Once more – while fully prepared to not like this, to be sceptical, to chart it all up to hype, to imagine M. Lutens sitting and having a good laugh about all of us scrambling and falling over ourselves to get our hands and noses on his newest offering (and no doubt he is smirking a little at least!), I am impressed. Impressed with the depth of this creation, with the artistic rendering of an idea, with the so much more refined execution of something that could have ended up mundane and literal in lesser hands.
Christopher Sheldrake and Serge Lutens are indeed a dream team, I imagine them communicating on a basis by now that is above speech. Sheldrake’s masterful execution of Lutens ideas, the minute direction of every technical step of the creation by Lutens – as I imagine it at least, I don’t know the first thing about their actual method of working – seems to me like a perfect pairing.
I have many perfumes in my collection, and many of them are by Serge Lutens. You could say I am a fan, but by no means an indiscriminate one. I have as many Scents of Horror that came out of the Palais Royal as I have beloved fragrances. (see Perfume Reviews for other Lutens perfumes)
But I have nothing that is similar to Jeux de Peau. It is undeniably Lutensian/Lutenesque, there is the signature of other creations in Jeux de Peau, it is clearly part of the oeuvre. It is like recognizing a Mozart composition even if you have never heard this particular concerto (although Mozart is probably not the best comparison, Bruckner or Mahler would be more fitting). But despite the recognizability as part of something bigger, Jeux de Peau is the most unique fragrance I have encountered in a long time.
The image of a river is certainly not what comes to mind for many people, but it is what this scent evoked in me and the longer I think about it the more it fits. It is a quiet, but powerful perfume, it looks innocent but it has the power to drown you, you need to be able to swim, then you will fully enjoy its pleasures.
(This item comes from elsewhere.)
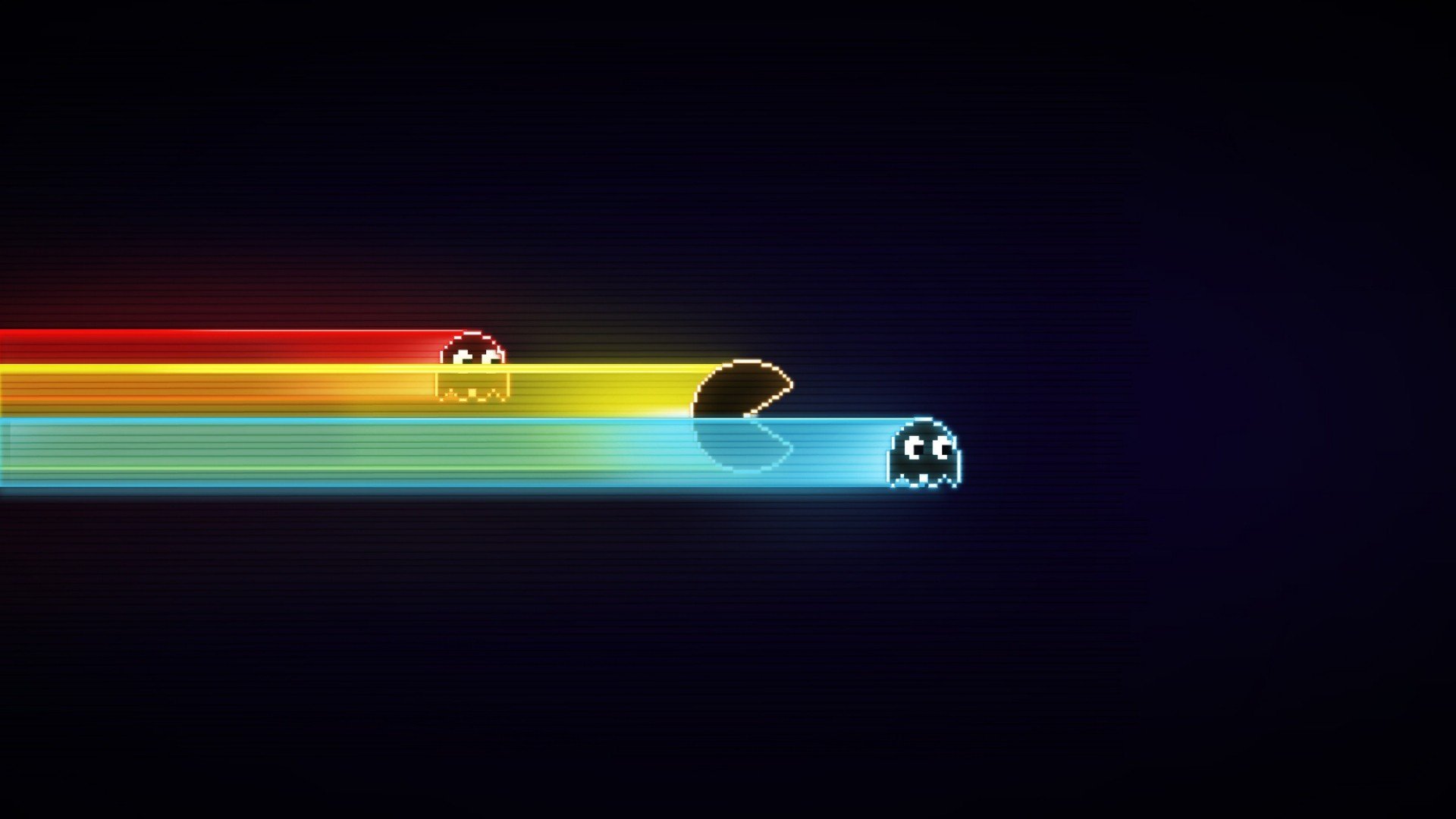 Pacman Wallpaper HD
After the initial delight with those yummy top notes that are no more than a gimmick, a little joke on the part of the master, Jeux de Peau took its time to reel me in, I was not enamored from the first wearing. But by the third time, I was smitten.
You may have read about my bottle embargo, so sadly the only chance I have to get a full size of Jeux de Peau is, when somebody gives it to me. (Maybe somebody who recently got a car?!) I
want need have to have would very much like to add it to my collection.
For times when I need reassurance, something to hold onto that is complex and deep, but soft and cozy at the same time, Jeux de Peau seems perfect.
If you are in doubt about this perfume (as I was before I really got to know it), it is worth your time. I am glad Lutens has created something so strange, yet likable, so unique, yet wearable.
Try Jeux de Peau! You know you want to!